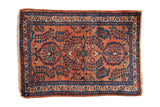 Vintage Persian Lilihan rug, terracotta field with sapphire blue millefleur design, circa 1930s, 1'11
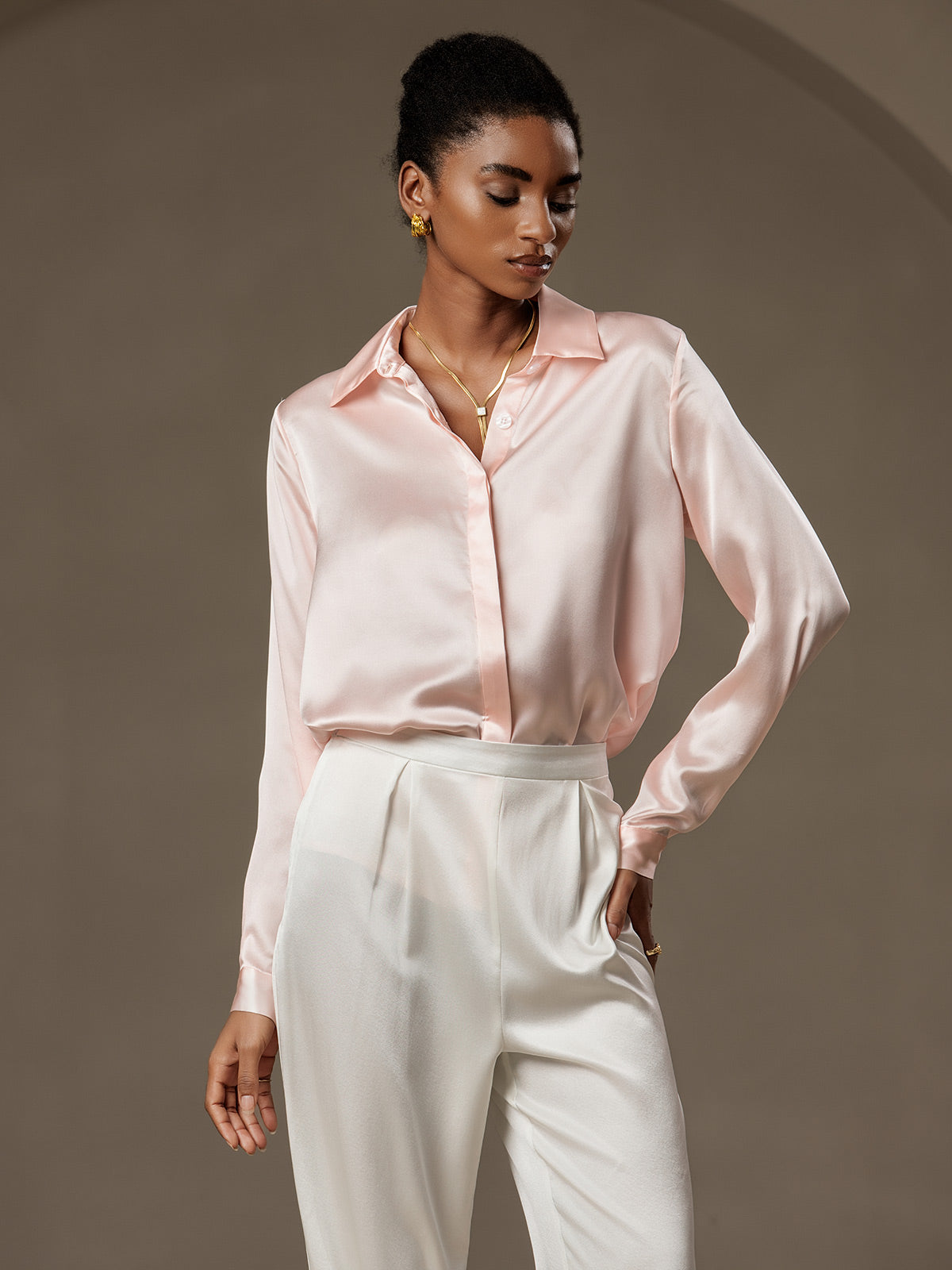 [Rosa] SilkSilky-DE 19Momme Seide Lapel Collar Damenhemd 001
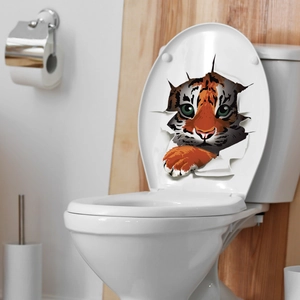 3D tiger toilet sticker with realistic cracked effect and green eyes for bathroom decor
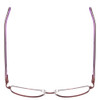Top View of Joan Collins JC9796-BUR Designer Bi-Focal Prescription Rx Eyeglasses in Burgundy Red Lilac Purple Crystals Ladies Square Full Rim Stainless Steel 57 mm
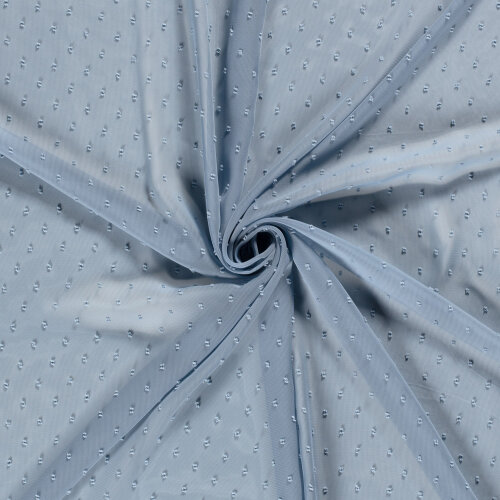 Chiffon Bestickt Punkte Uni  - hellindigo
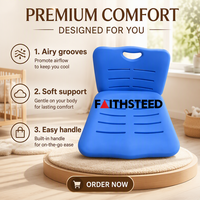 Chaise moulée pour enfants avec dossier, poignée et trous de ventilation, bleu vif, pour l'école et l'extérieur
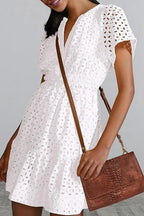 Eyelet Notched Short Sleeve Mini Dress (3)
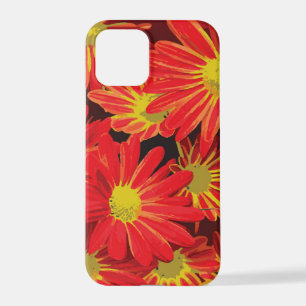 Coque iPhone 12 Pro Fleurs rouges et jaunes 1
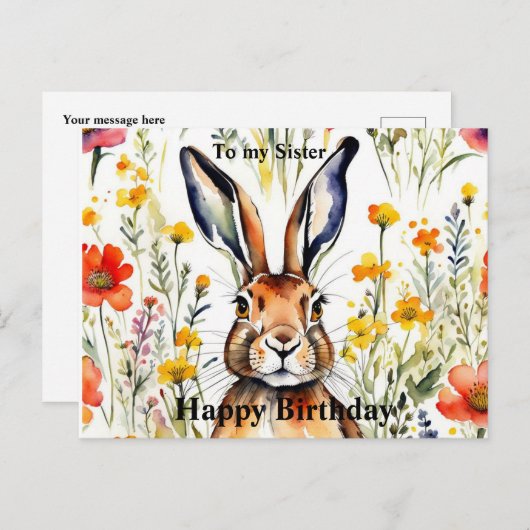 魔法のウサギ誕生日はがき(編集可能) ポストカード (正面/裏面)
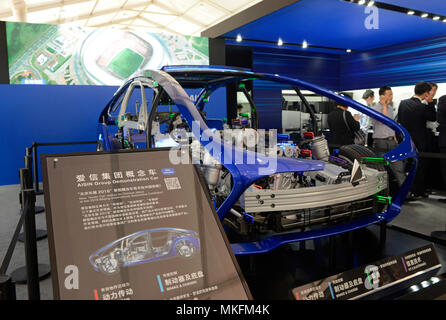 Concept car éclatée sur le stand Aisin, dévoilée lors de l'Auto China 2018 motorshow à Beijing, Chine Banque D'Images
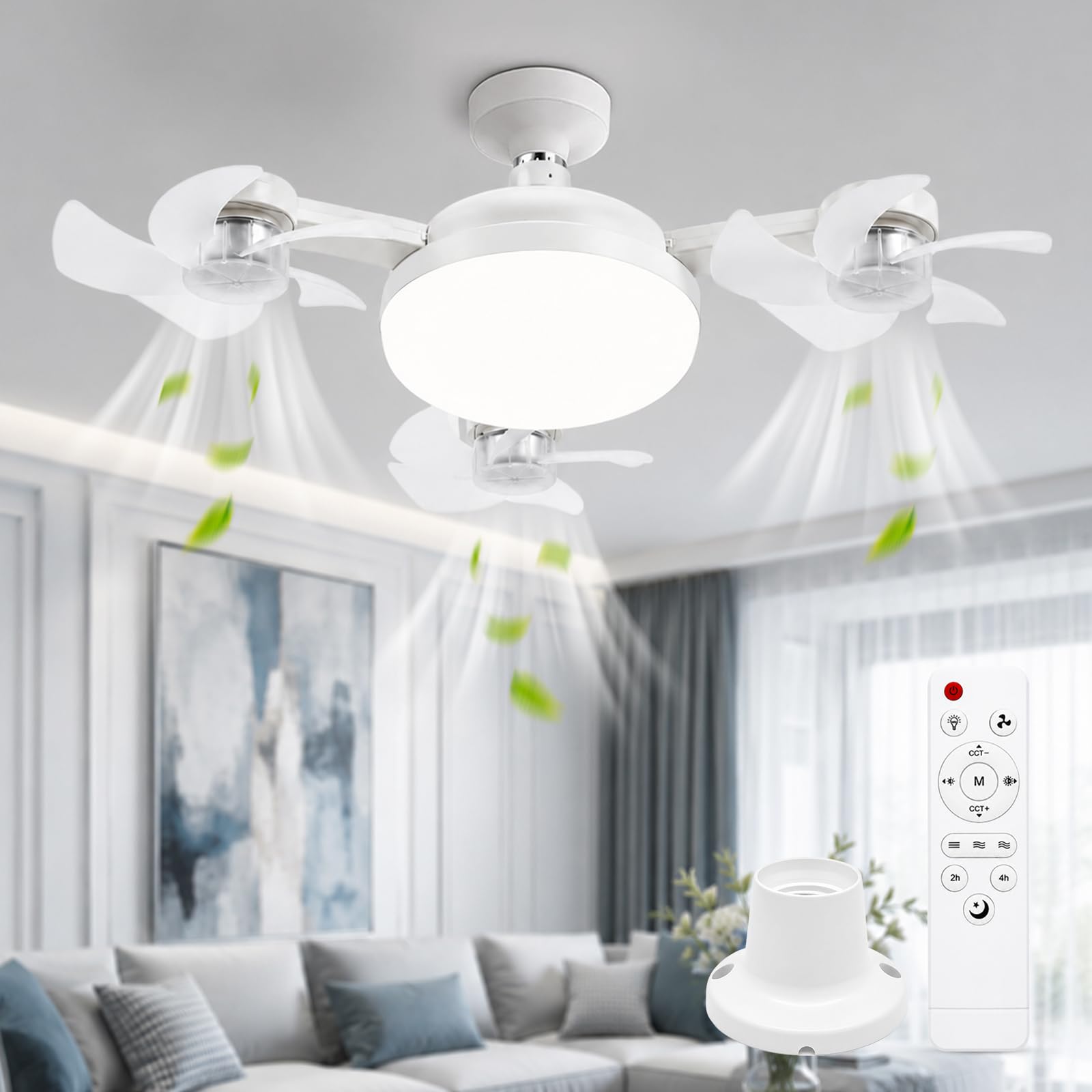 Ceiling Fans with Lights and Remote, 3 Heads Drone LED Ceiling Fan Light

......

» **EXERCISE DIRECTIONS**
Output exactly the lines of the listing above that start with the one holding "3D tiger toilet" and go on through the one holding "Chiffon Bestickt Punkte"; leave the pictures out.

» **SOLUTION TO THE PROBLEM**
 3D tiger toilet sticker with realistic cracked effect and green eyes for bathroom decor
Top View of Joan Collins JC9796-BUR Designer Bi-Focal Prescription Rx Eyeglasses in Burgundy Red Lilac Purple Crystals Ladies Square Full Rim Stainless Steel 57 mm
 Chiffon Bestickt Punkte Uni  - hellindigo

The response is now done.